▶ [Stored data]:
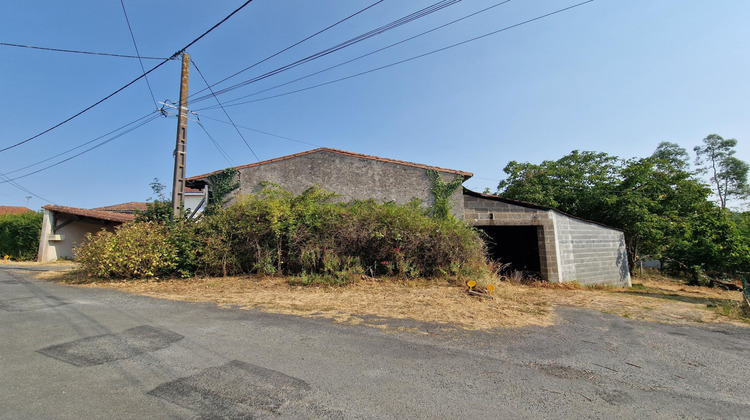 Ma-Cabane - Vente Immeuble Saint-Fiacre-sur-Maine, 150 m²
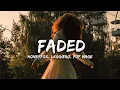 Honeyfox, Leggiero, Pop Mage - Faded (Magic Cover Release)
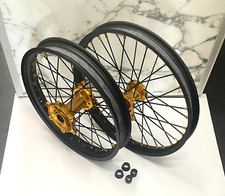 Wheels Set For Suzuki RMZ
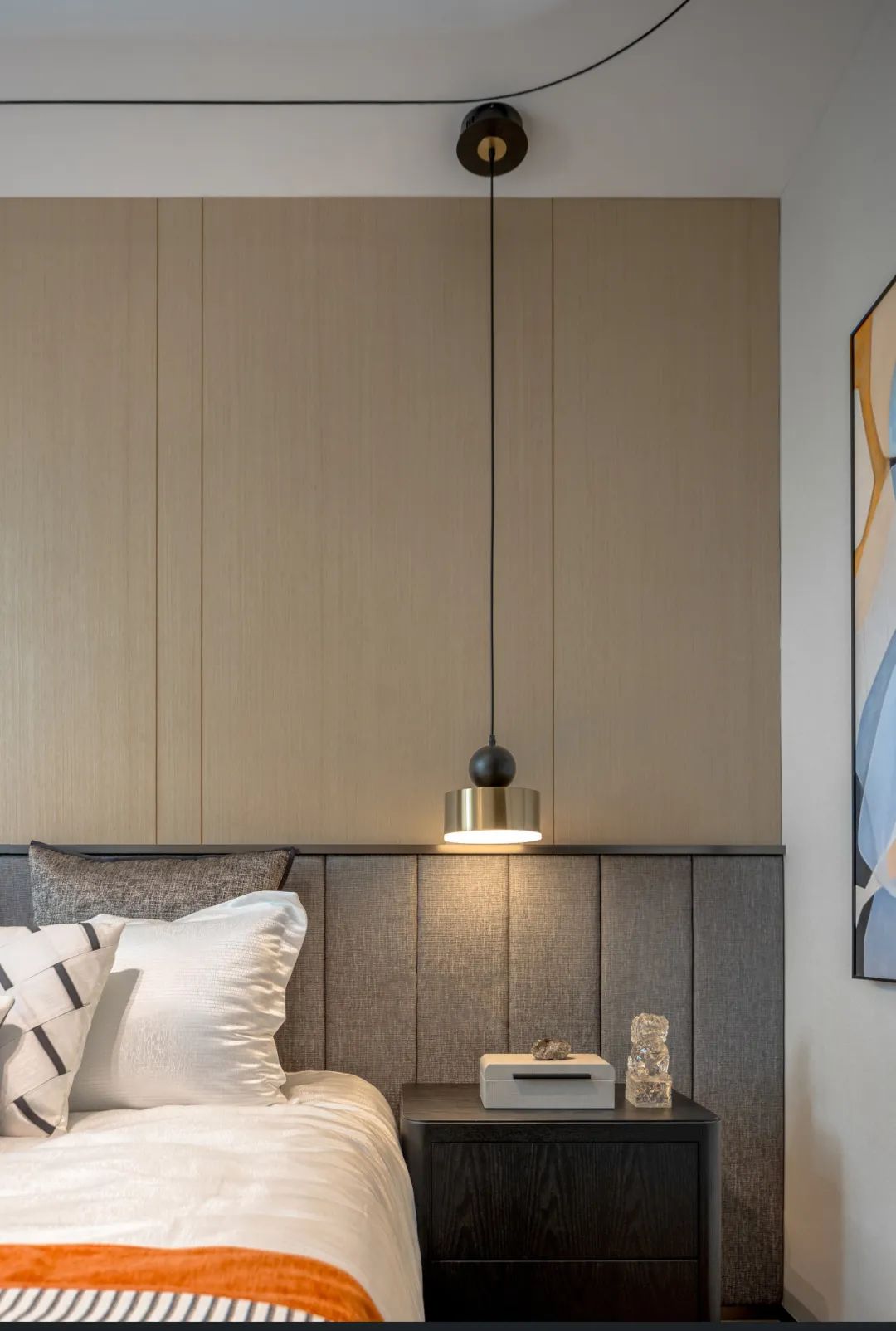 上海精文香水湾•御湖 23 号别墅丨中国上海丨上海和睿规划建筑设计有限公司-21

▶ [Prompt]: Where a picture appears in the data, omit it; restate the rest word for word.

▶ [Output of the task]:
 Ma-Cabane - Vente Immeuble Saint-Fiacre-sur-Maine, 150 m²
 Honeyfox, Leggiero, Pop Mage - Faded (Magic Cover Release)
 Wheels Set For Suzuki RMZ
 上海精文香水湾•御湖 23 号别墅丨中国上海丨上海和睿规划建筑设计有限公司-21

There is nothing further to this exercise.